We know that exercise makes us feel better and ‘clears the mind’ and recent studies have pointed out the benefits of exercise on mental stresses and work. Now, new research shows not only does obesity harm the brain, exercise may actually reverse those negative effects!
 
Extensive research has indicated that sedentary, obese animals have lower memory and learning skills when compared to active, normal-weight animals. Recently, scientists have been trying to find out how excess weight affects the brain. Until recently, we thought that the brain was protected from excess weight … after all, it contains no fat cells.
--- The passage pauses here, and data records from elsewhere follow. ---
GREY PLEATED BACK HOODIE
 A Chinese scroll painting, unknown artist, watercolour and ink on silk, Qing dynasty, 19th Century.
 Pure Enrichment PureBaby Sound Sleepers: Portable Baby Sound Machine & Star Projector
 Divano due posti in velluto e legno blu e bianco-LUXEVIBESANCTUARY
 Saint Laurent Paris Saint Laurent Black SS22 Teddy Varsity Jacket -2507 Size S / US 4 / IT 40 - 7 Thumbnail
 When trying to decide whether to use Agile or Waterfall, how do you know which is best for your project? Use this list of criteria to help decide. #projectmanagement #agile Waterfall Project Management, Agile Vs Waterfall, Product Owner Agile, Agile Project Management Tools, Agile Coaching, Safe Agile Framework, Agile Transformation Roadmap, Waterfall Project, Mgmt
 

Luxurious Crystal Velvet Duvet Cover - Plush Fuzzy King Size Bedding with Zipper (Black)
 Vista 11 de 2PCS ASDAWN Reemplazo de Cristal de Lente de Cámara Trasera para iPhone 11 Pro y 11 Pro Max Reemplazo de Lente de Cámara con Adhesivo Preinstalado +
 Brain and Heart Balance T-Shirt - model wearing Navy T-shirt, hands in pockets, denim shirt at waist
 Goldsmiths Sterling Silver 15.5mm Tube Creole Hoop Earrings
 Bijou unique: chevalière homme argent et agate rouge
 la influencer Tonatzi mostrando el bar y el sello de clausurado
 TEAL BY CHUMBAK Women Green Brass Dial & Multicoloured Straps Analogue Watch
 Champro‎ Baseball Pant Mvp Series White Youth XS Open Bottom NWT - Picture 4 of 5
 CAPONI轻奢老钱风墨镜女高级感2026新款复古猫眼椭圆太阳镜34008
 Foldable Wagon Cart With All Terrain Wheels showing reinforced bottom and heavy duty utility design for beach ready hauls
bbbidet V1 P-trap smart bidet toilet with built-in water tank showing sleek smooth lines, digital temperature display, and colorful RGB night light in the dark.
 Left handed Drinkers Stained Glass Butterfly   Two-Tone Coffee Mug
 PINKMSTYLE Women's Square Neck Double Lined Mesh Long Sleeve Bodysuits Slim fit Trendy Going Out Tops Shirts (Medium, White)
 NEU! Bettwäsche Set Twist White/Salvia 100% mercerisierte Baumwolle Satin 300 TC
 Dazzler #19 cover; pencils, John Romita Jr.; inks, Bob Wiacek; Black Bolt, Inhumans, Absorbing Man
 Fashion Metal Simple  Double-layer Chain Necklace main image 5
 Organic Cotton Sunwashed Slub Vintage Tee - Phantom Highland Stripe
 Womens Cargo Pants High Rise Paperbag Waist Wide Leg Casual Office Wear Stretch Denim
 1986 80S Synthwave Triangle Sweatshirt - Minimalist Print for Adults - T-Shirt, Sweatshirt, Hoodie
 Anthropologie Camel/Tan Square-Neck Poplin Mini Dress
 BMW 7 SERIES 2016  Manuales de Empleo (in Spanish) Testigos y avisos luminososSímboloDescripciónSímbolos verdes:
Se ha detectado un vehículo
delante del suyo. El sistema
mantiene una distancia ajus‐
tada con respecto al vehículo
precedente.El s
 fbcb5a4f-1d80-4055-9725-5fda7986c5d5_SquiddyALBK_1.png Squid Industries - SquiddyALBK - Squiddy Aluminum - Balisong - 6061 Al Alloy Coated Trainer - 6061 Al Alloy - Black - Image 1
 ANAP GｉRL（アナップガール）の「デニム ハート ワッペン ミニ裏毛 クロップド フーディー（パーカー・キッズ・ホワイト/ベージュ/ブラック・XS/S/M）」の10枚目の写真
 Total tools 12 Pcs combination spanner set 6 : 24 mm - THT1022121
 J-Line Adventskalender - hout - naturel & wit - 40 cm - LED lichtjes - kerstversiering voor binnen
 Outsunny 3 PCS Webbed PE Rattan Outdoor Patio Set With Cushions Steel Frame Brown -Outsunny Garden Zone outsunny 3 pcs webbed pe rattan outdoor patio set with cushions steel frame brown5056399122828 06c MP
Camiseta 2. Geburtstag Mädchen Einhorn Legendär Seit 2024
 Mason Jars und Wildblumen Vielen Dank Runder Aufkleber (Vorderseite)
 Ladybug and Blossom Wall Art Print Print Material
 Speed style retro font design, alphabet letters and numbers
But the research shows that obesity actually weakens the protection of the brain, allowing substances manufactured by fat cells to enter the brain.
 
Additional research published in The Journal of Neuroscience found that as lab mice gained excess weight, larger doses interleukin 1, a substance know to cause inflammation, was found in their brains. Additionally, the mice had very low levels of a biochemical that helps support healthy synapse function. Researchers felt the results strongly indicated that fat cells were the main cause of the mice’s cognitive decline in the study. The good news from new research is that simply introducing exercise into the mice’s regimen gives substantial protection the bad effects of a sedentary lifestyle on the brain!
 
This research adds on to what we already know:
 
• Those extra pounds may weaken the brain’s sensitivity to the pleasure we get from sugary and fatty foods, leading people to eat more for the same amount of pleasure. Research on animals found that eating foods with high fat and sugar content reduced responses to dopamine, known as the pleasure-inducing neurotransmitter.
 
• The orbitofrontal cortex, the part of the brain tasked with impulse control, appears shrunken in obese children compared to those of children with normal weight. More research needs to be done, but some researchers believe this may be a response to changes in the immune system caused by obesity.
 
• A study published in the Annals of Neurology found that the belly fat that shows up as you enter middle age is actually associated with a decrease in total brain volume! Researchers believe that belly fat, or visceral fat may contribute to a reduction of brain size.
 
• A study published in the Journal of the American Geriatric Society found that may impair memory. The study included 8,745 women ages 65 to 79 and found that each 1 point increase in an woman’s body mass index (BMI) was corresponded to a 1 point decrease on a 100 point memory test.
 
Strong findings that should spur us all to get off the couch.. get started now! Why wait for spring to be a lean, mean, thinking machine!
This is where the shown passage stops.